The incident caused a partial outage in one of our data centers, affecting the availability of several customer websites, including Thernos, Akisp, and Kontore. Approximately half of our hosted sites were down, leading to customer inquiries and potential business disruptions. The affected websites experienced degraded performance and were unreachable for a period of time, causing inconvenience to users and potentially impacting business operations for the affected customers.

## Root Cause Analysis

The root cause of the incident was identified as an issue with our data center provider. The provider experienced an outage in one of their data centers, which led to the unavailability of several hosted websites. The provider worked on resolving the issue by restarting the affected regions, which eventually restored the services.

## Action Items

1. **Monitoring Provider Status**: Francesca Sala will continue to monitor the cloud provider's status page for updates during incidents.
2. **Customer Communication**: Gregory George will draft and update the status page to keep customers informed during incidents.
3. **Incident Documentation**: Francesca Sala will create and share a post-mortem document after the incident is resolved.

This post-mortem document provides a detailed account of the incident, its impact, root cause, and the actions taken to prevent recurrence.

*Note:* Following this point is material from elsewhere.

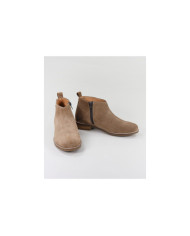 Taupe Boots of Lady Ginova with Side Buckle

Use ilert or download a postmortem template and fill in manually

Based on this example, we prepared a Google Docs template that you can use if you are not yet utilizing the ilert incident management platform. While assembling and writing all the information manually will be more time-consuming, it is still the first step to better arranging post-incident learnings and preparing for the next challenges.

Download a postmortem template.

A few words on blameless postmortems and blameless culture

A blameless postmortem focuses on collective learning and improvement rather than assigning fault to individuals. This approach fosters a supportive work environment and encourages team members to be honest and open during the postmortem process. Instead of pointing fingers, the focus is on understanding what happened and how to prevent it in the future.

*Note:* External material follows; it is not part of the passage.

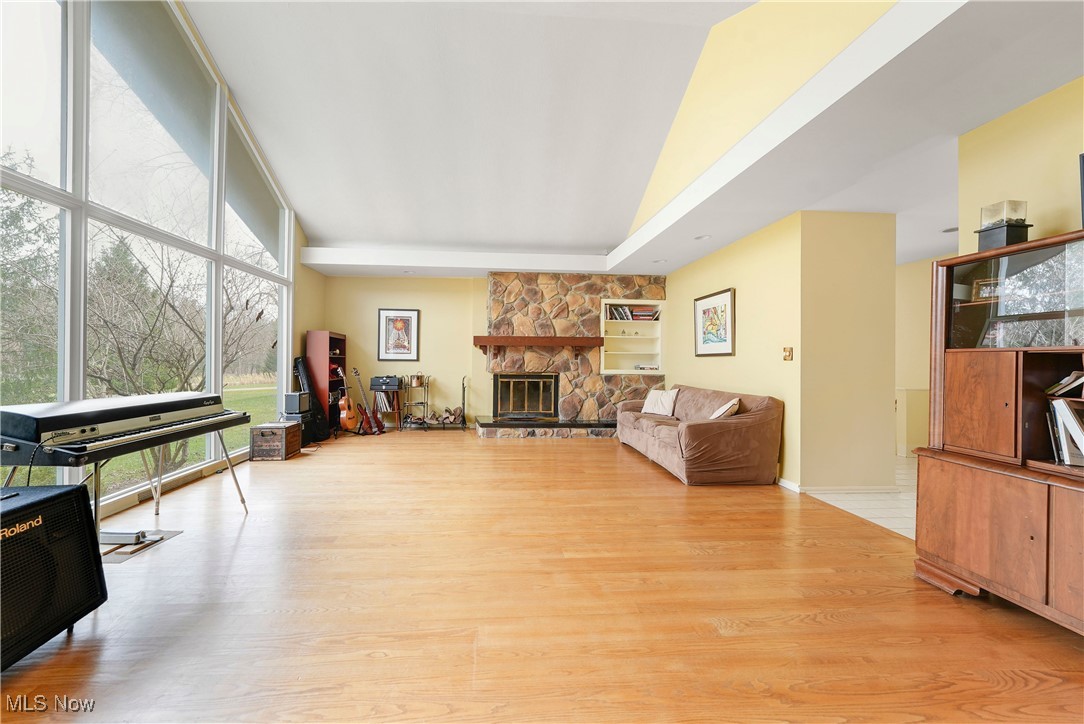33820 Country View Lane, Solon, Ohio image 14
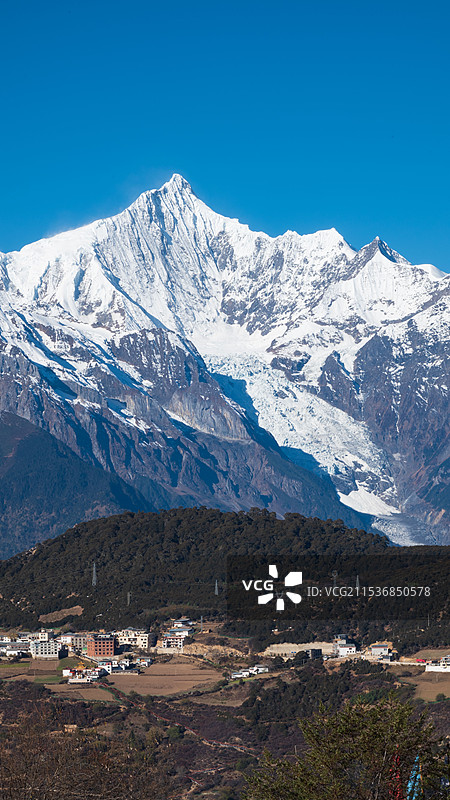 卡瓦博格下的村庄图片素材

Asking "what" and "how" questions instead of "who" during postmortem meetings helps analyze incidents without attributing blame. This promotes a growth mindset and fosters a culture of continuous improvement. A "no argument" policy during discussions ensures the focus remains on process improvement rather than assigning blame.

Utilizing data-driven insights, ilert AI provides unbiased evaluations of incidents, eliminating personal biases in reporting. This also helps create a blameless culture where the ultimate goal is to learn from incidents and improve future responses rather than playing the blame game.

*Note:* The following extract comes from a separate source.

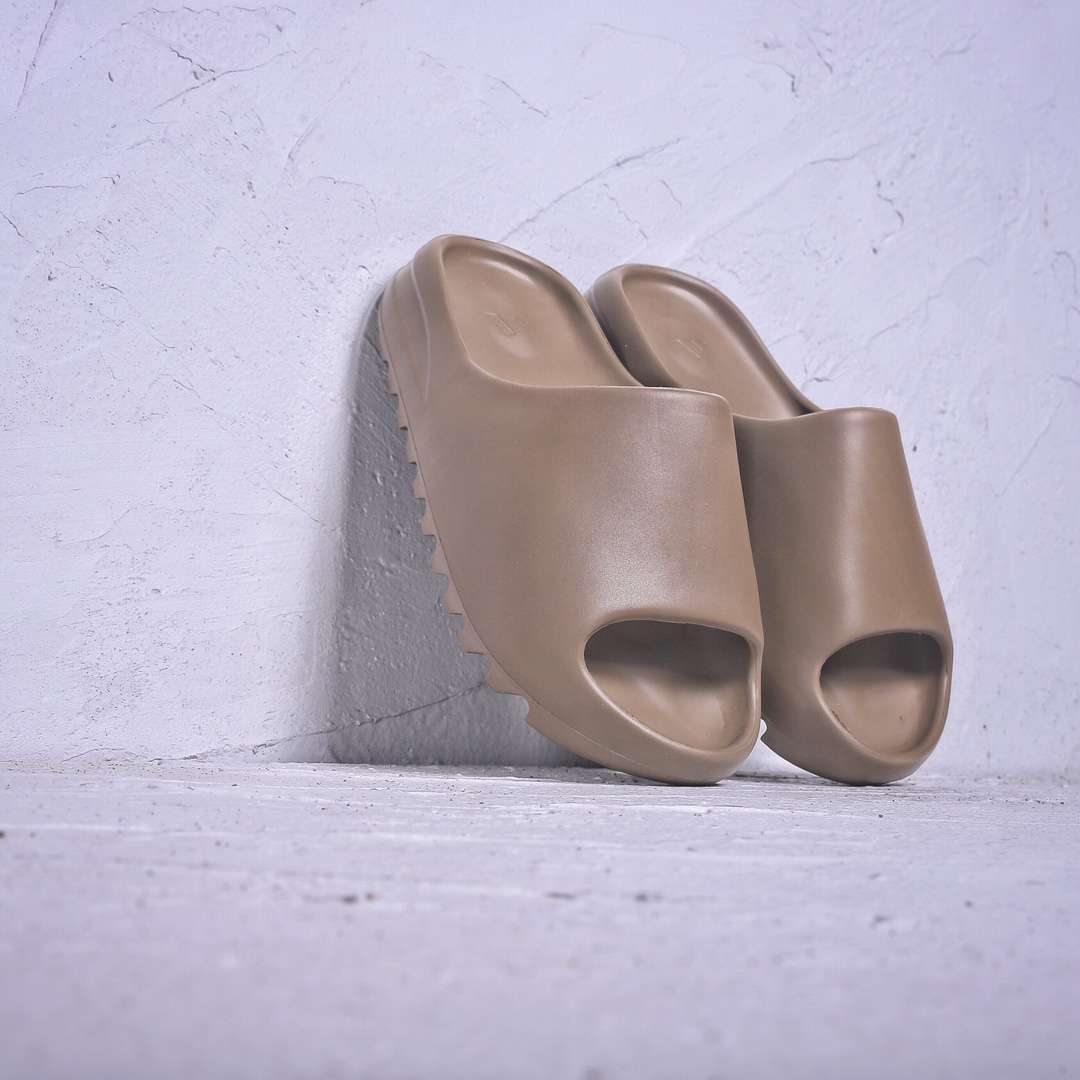 YESKICKS YEEZY SLIDE CORE REPLICA G55492/GW5350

Common pitfalls to avoid in postmortem document creation

To maximize the value of your postmortems, avoid these key pitfalls—ranked by their impact on long-term learning and operational resilience:

Not analyzing patterns across incidents

  • Treating each incident in isolation can hide recurring issues.
  • Regularly review multiple postmortems to detect patterns, systemic weaknesses, or process gaps.
  • Use this insight to inform broader improvements and prevent similar incidents in the future.

Failure to follow up on action items

  • Insight is meaningless without execution. If postmortem action items aren’t completed, incidents are likely to repeat.
  • Always assign owners and due dates, and track completion progress.

Using a generic template

  • A one-size-fits-all postmortem template may omit crucial incident-specific details.
  • Customize templates to include everything relevant—like timeline, impact, contributing factors, and remediation steps.

Lack of a blameless culture

  • If people feel blamed, they’re less likely to share honestly.
  • Promote a culture of psychological safety and learning, not punishment.

Vague or unconstructive feedback

  • Feedback that lacks clarity or actionability won’t lead to meaningful change.
  • Encourage specific, constructive feedback that points to clear improvements.

Poor stakeholder communication

  • Not sharing postmortems with key stakeholders reduces organizational learning.
  • Proactively circulate findings to relevant teams, leadership, and other affected parties to keep everyone aligned.

Summary

Postmortem templates are essential tools for transforming incidents into learning opportunities. By documenting incidents in a structured manner, teams can identify system vulnerabilities, improve future responses, and foster a culture of continuous improvement. ilert’s built-in features and AI enhancements make the postmortem process seamless and efficient, allowing teams to focus on what really matters.

Implementing a formal postmortem process and avoiding common pitfalls ensures that every incident becomes a stepping stone toward success. By embracing a blameless culture, teams can learn from their experiences and drive better outcomes. Remember, the ultimate goal is to turn every failure into an opportunity for growth and improvement.

Frequently Asked Questions

What is the purpose of using ilert AI in postmortem creation?

Using ilert AI for postmortem creation speeds up the process of the final stage of incident response, letting you focus on evaluating the incident instead of spending ages on paperwork. It's all about getting to the good stuff quicker!

What happens after an incident reaches the "Resolved" state?

Once an incident hits the "Resolved" state, the team collects all the relevant details and documents everything discussed to ensure everyone is on the same page. ilert users skip the manual part of work and jump right to the discussions and action items execution.

What information does ilert AI consider when generating a postmortem document?

Ilert AI generates a postmortem document by considering the incident's context, including history updates, Slack or Microsoft Teams messages, subscribers, services, involved users, and any linked alert details.

How can users include relevant messages from communication channels in their postmortem document?

You can easily add relevant messages to your postmortem by linking your Slack or Microsoft Teams channels, which the ilert bot will scan for you. Alternatively, copy and paste chat transcripts manually from anywhere you need.